Most people have an idea of what a cruise boat looks like. The full page advertisements in newspapers and magazines show glittering monsters and speak of the de-luxest of de-luxe travel. We have travelled in one such boat, MV Opera, and it was splendid. The fact that one was at sea didn’t seem to matter. The insulation from sea and weather made it a capsule experience. In those days the breaks I took were definitely earned and I wasn’t at all bothered by the mountains of food. Then we took a trip on Star Clipper, a five masted anachronism that took whatever the wind had to offer and fairly tanked along. There was far less insulation from the elements and I well remember our second morning at sea after a distinctly blowy night. One of the big sails, ‘up there’, a t’gallant or a royal or summut, blew out, that is, split from bum to breakfast time (a nautical expression, dear reader). As we breakfasted two of the crew wheeled an industrial sewing machine out onto deck together with a roll of canvas and just ran up another one. So that was a bit closer to the elements. We loved it.

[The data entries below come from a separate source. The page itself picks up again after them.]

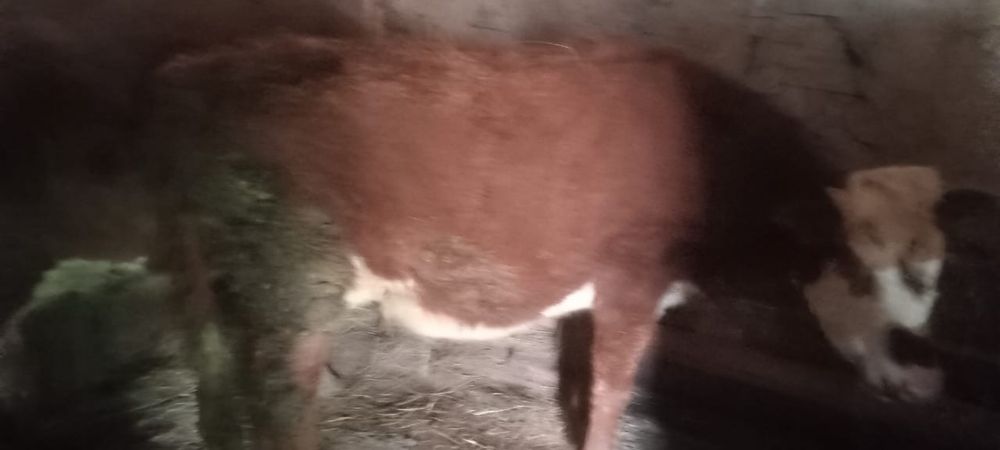 Бордақта тұрған бұқа, сиыр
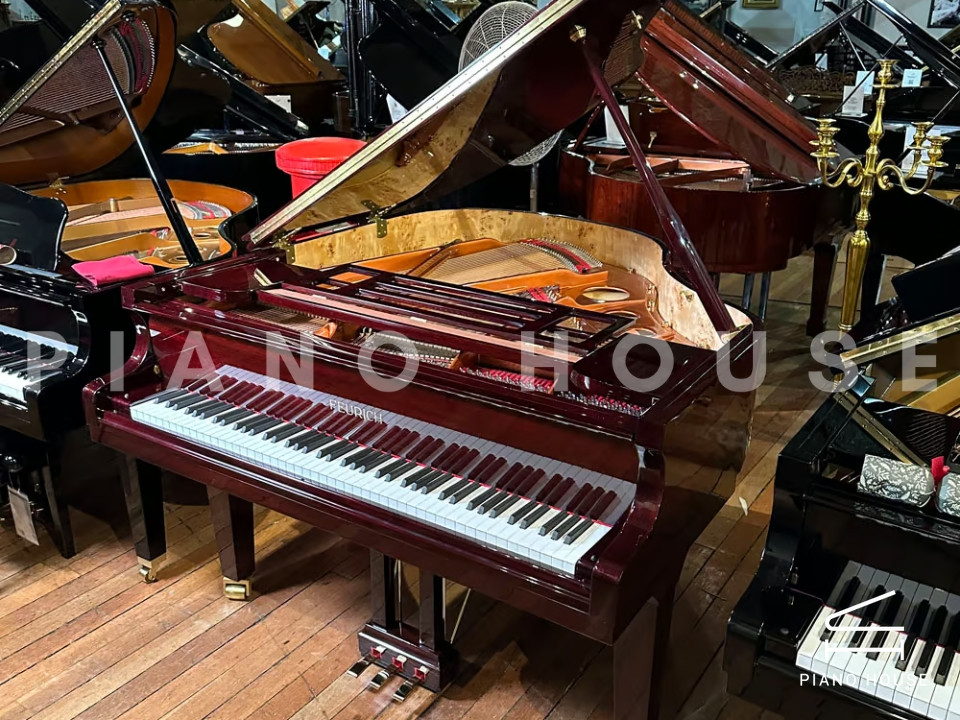 FEURICH 162 - "DYNAMIC I" (Bordeaux Polished)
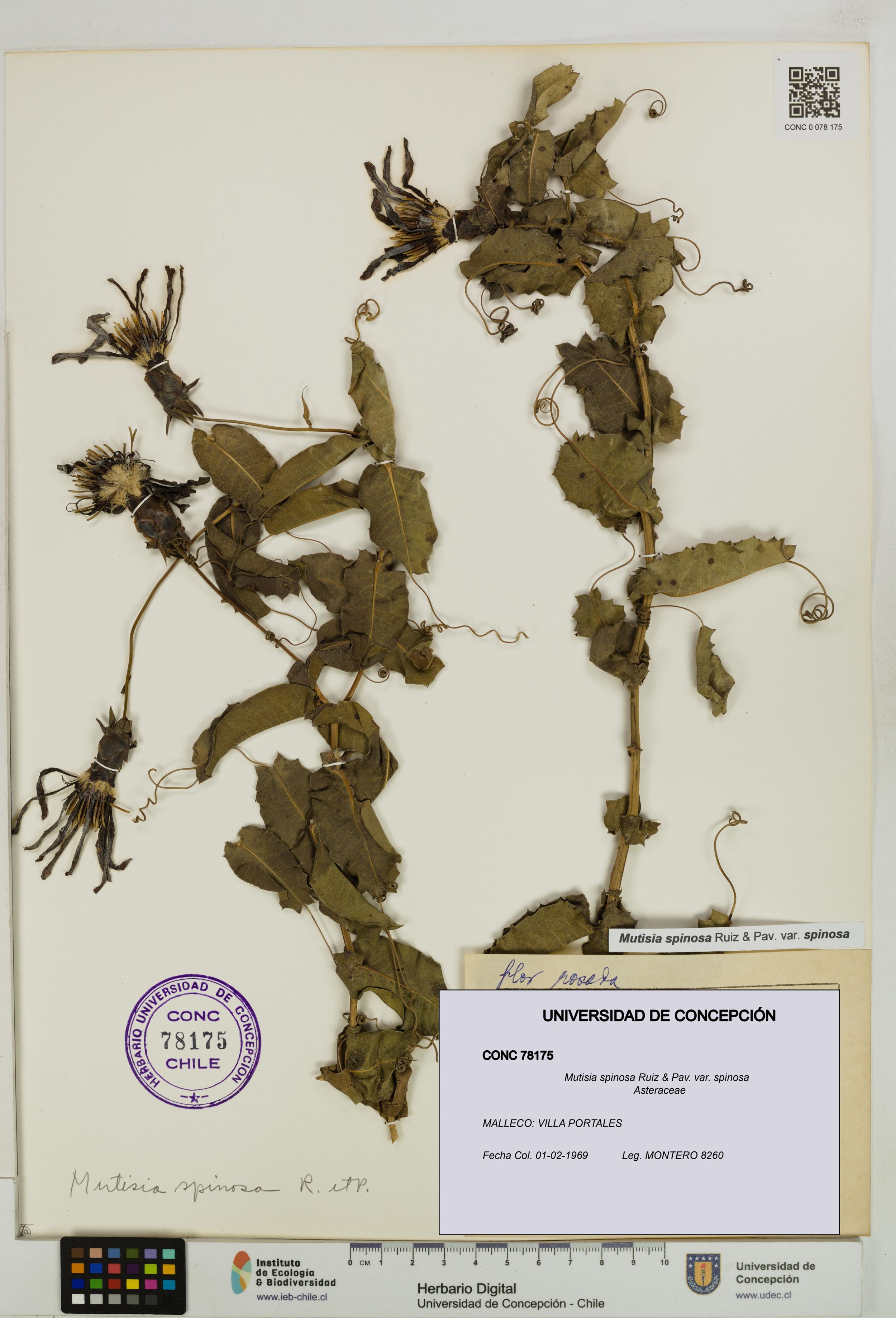 Mutisia spinosa var. spinosa [Espécimen: ]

Yasawa Princess is powered by a diesel engine and, as I said, she is small. Our cabin opened onto some decking and a railing and the sea – just down there and occasionally just up there. When the boat punched into waves the water might easily decide to give that bit of decking outside the cabin a wash. At night we never tied up alongside some quay on an island; the boat would stop, there would be the sound of thunder as two anchor chains were let down and then she would swing so that her sharp end (another nautical term this) was facing the wind and then she would gently oscillate, swinging from side to side, while we all drank, talked about our day and went in to eat. The stern (or blunt end if you prefer) of the main and upper deck was open and well illuminated so one could lean over the rail and look down to watch the dolphins that found an opportunity to take their evening meal from the fish attracted by the light.

What made the Yasawa Princess such a hit for us was the company. Whether it was crew or passengers all were fine people and our farewells as the tender took us away to catch our ‘plane were noisily sincere.